3 fundamental keys to compare personal credits



 

For a few years now, competition in the world of finance has increased considerably, causing us to find a wide variety of prices today. Therefore, comparing personal credits has become essential, since with this simple practice we can save considerable money. In short, if our intention is to obtain financing, these are some of the aspects that we cannot lose sight of.

Before starting to compare personal credits, do you know what amount to request?

Before starting to compare personal credits, do you know what amount to request?

 

In the world of finance we can find a wide variety of products to go to depending on our credit needs. Therefore, one of the keys to start comparing personal credits is knowing what amount we need and what product we should go to:

  • Personal loans: we can get amounts of between 1,000 and 60,000 dollars, depending on the entity.
  • Private lines of credit: allow us to access up to 5,000 dollars
  • Mini-credits: in general, their amount reaches up to 1,000 dollars.

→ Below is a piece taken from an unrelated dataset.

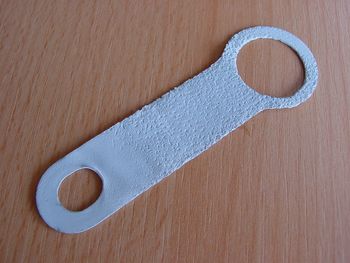 Schutzring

Normally, before premeditated actions that require large sums of money, such as home reform or the purchase of a car, it is advisable to resort to personal loans, whether from banks or other entities. With them we will be able to get the money we need at an interest lower than that of fast loans. On the other hand, if we have to face any unforeseen event and we need an extra capital as soon as possible, both the mini-credits and the lines of credit may be a good alternative if the bank does not accept our request.

Watch the interest rate and commissions of your loan

Watch the interest rate and commissions of your loan

 

One of the most important aspects when comparing personal loans of greater amount is its price. Whenever we decide to inform ourselves about any product, we can observe how the financial financial institutions show us the TIN and the APR of the product. But do we really know what these indicators mean?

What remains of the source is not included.